En 1605, il devient maître de la Guilde de Saint-Luc à Anvers. Fort de son succès, il ouvre un atelier et s'entoure d'un nombre important d'assistants afin de répondre à ses nombreuses commandes. Véritable entreprise commerciale, il emploie également ses frères, ses fils et compte parmi ses plus illustres collaborateurs Jan Brueghel le Vieux (1568-1625).

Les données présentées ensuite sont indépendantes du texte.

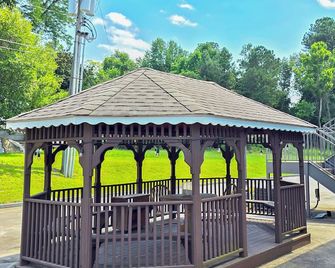 Meriwether Country Inn - Warm Springs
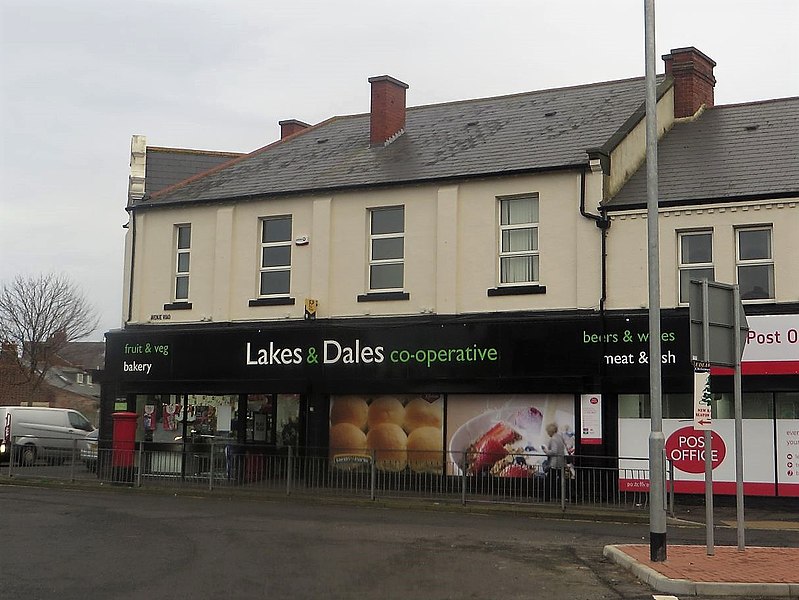 File:Cooperative Supermarket, Seaton Delaval (geograph 5655585).jpg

Au premier plan, Francken se saisit de l'instant où le Christ est emmené tandis que Pilate se lave les mains, cédant la responsabilité de la condamnation au peuple. Au deuxième et troisième plans, le Christ poursuit sa montée vers le calvaire que l'on aperçoit encore nu dans le fond de la composition. Particulièrement dynamique, la scène principale est saturée de personnages dont le peintre individualise les mouvements, les expressions et les apparences globales. Riche, la palette se décline en une multitude de couleurs, réchauffée par des touches d'un rouge profond dispersées en divers endroits. Un raffinement certain se retrouve dans les plumes aux mouvements souples, la passementerie des hallebardes ou l'épais velours du dais. Outre le coloris cher au peintre se retrouve l'un de ses topos : la précieuse figure de Ponce Pilate, dont l'anachronisme du costume n'enlève rien à son caractère particulièrement raffiné. Ainsi, ce personnage se retrouve par exemple dans une autre composition sur le même sujet, conservée au musée du Prado (Fig. 1). Passé un temps dans l'atelier de Frans Floris, lui-même influencé par l'Italie où il avait séjourné, il est possible d'y voir des réminiscences italianisantes. Parmi les plus illustres peintres anversois de son temps, l'art de Francken influencera durablement la production locale en raison de sa virtuosité et du succès commercial qui en découlé. Comme évoqué avec Jan Brueghel le Vieux, il n'hésita par ailleurs pas à collaborer avec des spécialistes du paysage ou des architectures. Abraham Govaerts (1589-1626) ou Joos II de Momper (1564-1635) figurent parmi ces derniers, peintres dont les manières se répondent merveilleusement dans des compositions à quatre mains.